J’ai titré « paysages nouveaux » mes travaux récents : en effet, ils décrivent, non sans une référence ironique au paysagisme romantique, des lieux où la frontière entre le naturel et l’artificiel reste indistincte, peut-être reconnaissable seulement par le regard d’expert du géologue ou du botaniste.
Ce qui est sûr, c’est que l’on ne sait pas qui, des deux antagonistes, précède ou suit l’autre ; et l’on ne sait pas non plus qui, à la fin, gagnera. Sauf que la victoire de l’un voudrait dire la perte des deux, et l’on aimerait mieux qu’ils finissent par s’entendre.

Spuglia PN 01 VallerosaPN 01 Vallerosa (Latium, Italie)
Une carrière de travertin désaffectée. Dans l’ample cuvette, aux blanches parois verticales, laissées par l’exploitation du marbre, un microclimat s’est constitué et alentour une végétation luxuriante et diverse a repoussé. Certains disent que l’on peut, au printemps, y énumérer trente variétés d’orchidées sauvages. Ce lieu est vraiment revenu à la nature : en écartant les arbustes pour s’en approcher, il peut arriver qu’on croise un sanglier. Ça m’est arrivé, mais je ne sais pas qui de nous deux a eu le plus peur : il s’est enfui d’un côté, et moi de l’autre.

Spuglia PN 02 ValentanoP 02 Valentano (Latium, Italie)
Une carrière de pouzzolane (la pierre volcanique rouge, utilisée autrefois pour revêtir les murs de Rome). Ses méandres donnaient une image vraisemblable de l’enfer, et ils furent utilisés comme scénographie pour des films moyenâgeux. Après l’abandon des activités d’extraction, de jeunes arbres ont été plantés sur ces gradins, mais ils n’arrivent pas encore à cacher la régularité des coupes. On ne peut plus accéder à la colline, puisque au fond de la vallée a repoussé un sous-bois inextricable.

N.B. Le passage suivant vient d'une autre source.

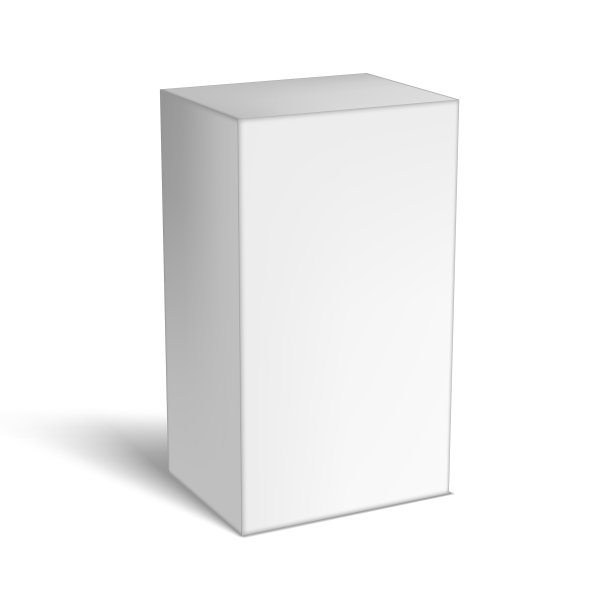 现实的白色硬纸板箱上的白色背图片下载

Spuglia PN 03 AlèsP 03 Alès (Gard, France)
Une montagne artificielle, un terril, formé avec les scories accumulées durant des décennies d’exploitation des mines de charbon, dans la banlieue même d’Alès. Il serait peut-être passé inaperçu au milieu des autres hauteurs (mise à part sa drôle de forme conique) si en 2004 un incendie de forêt ne l’avait dénudé. Propagé par les racines des sapins plantés pour la cacher, le feu a atteint le cœur de cette colline, qui se consume toujours, lentement et inextinguiblement.

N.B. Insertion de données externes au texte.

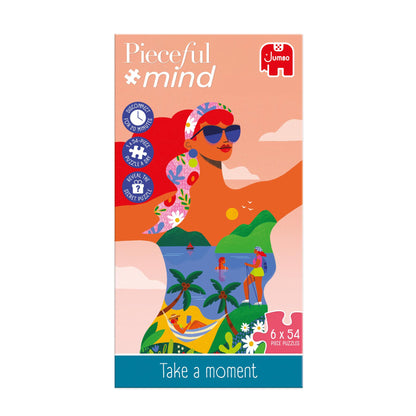 Pieceful Mind- Take a moment Jigsaw Set (7 x 54 Piece  Puzzles)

Spuglia PN 04 Laval-PradelP 04 Laval-Pradel (Gard, France)
Un grand site minier dans les Cévennes, exploité intensément dans les années 70-90 du siècle dernier. Pour pouvoir l’ouvrir on déplaça la route de la Régordane (RD 906), qui reliait le Puy en Velay et Saint Gilles , sur le chemin de Compostelle. On y trouve trois jolis lacs (naturels ? artificiels ?) et de grands amphithéâtres creusés par les bulldozers, dans lesquels l’Office National des Forêts est en train de replanter des arbres. Dans l’attente d’en faire quelque chose, l’accès à la zone est interdit. La commune d’Alès, après avoir écarté un projet plus écologique de « village cévenol », prévoit d’y aménager un parc de loisirs pour « sports mécaniques » (quad, jet-ski, motocross, paintball). Dans chacun des trois lacs on introduirait une espèce de poissons différente, de manière à les pêcher, ensuite, « sportivement ».

Ce sera la nature manufacturée.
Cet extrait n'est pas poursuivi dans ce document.